EXERCISE DATA.
* * * *

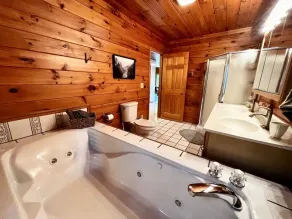 Family Lodge with hot tub, AC, minutes to Lake Placid and Hiking, Pet Friendly - Image 4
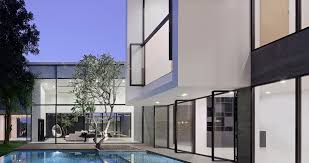Modern House With Courtyard Swimming Pool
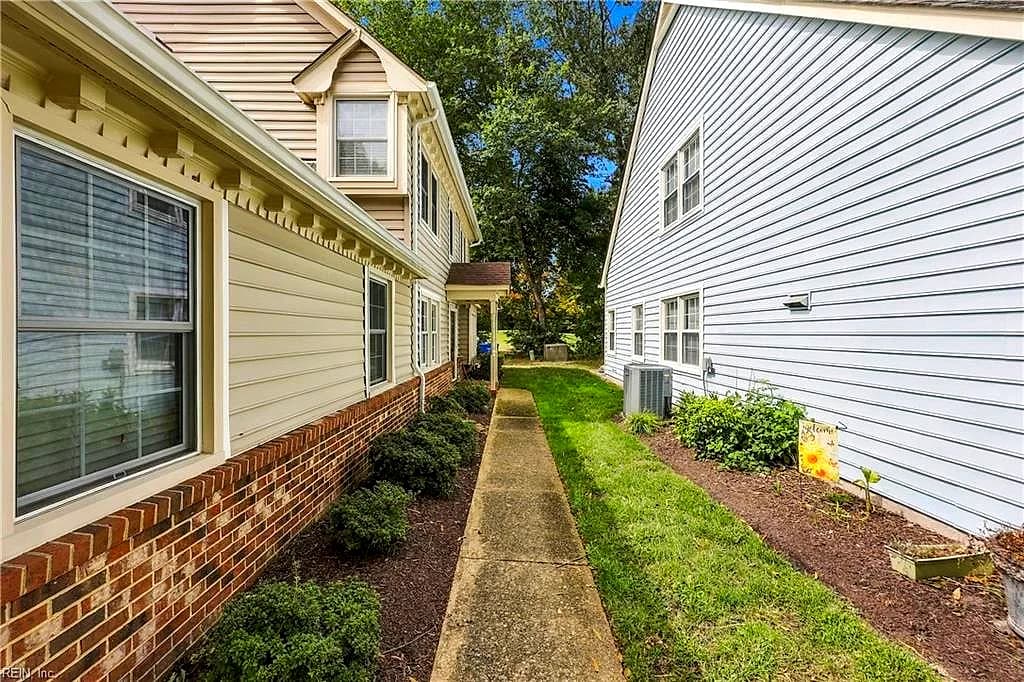 1005 Winged Foot CT #B, CHESAPEAKE VA 23320 - Photo 5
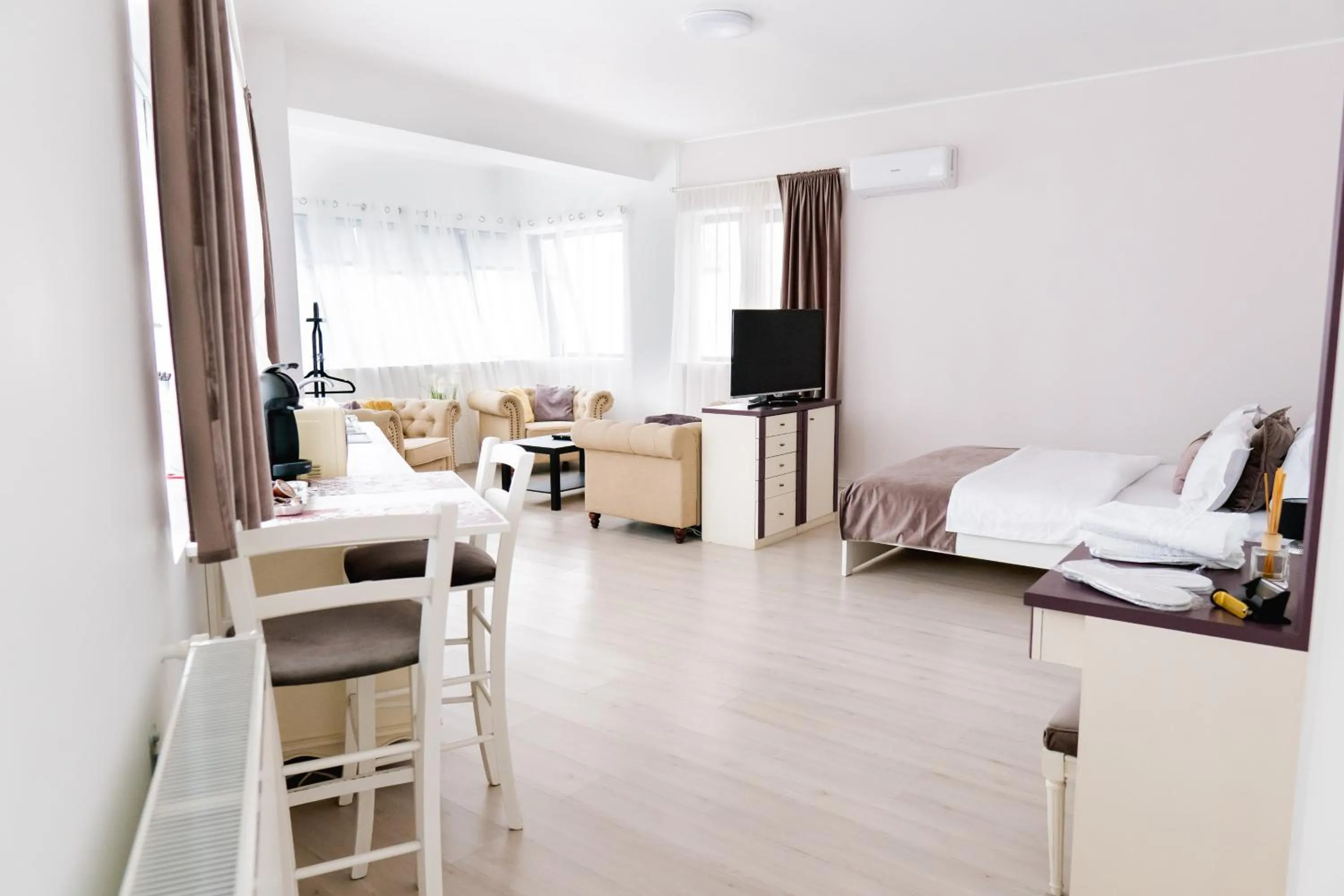 Photo of the whole room, Bed in Chic Studio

* * * *

Print the listing word for word but skip its pictures.

 Family Lodge with hot tub, AC, minutes to Lake Placid and Hiking, Pet Friendly - Image 4
Modern House With Courtyard Swimming Pool
 1005 Winged Foot CT #B, CHESAPEAKE VA 23320 - Photo 5
 Photo of the whole room, Bed in Chic Studio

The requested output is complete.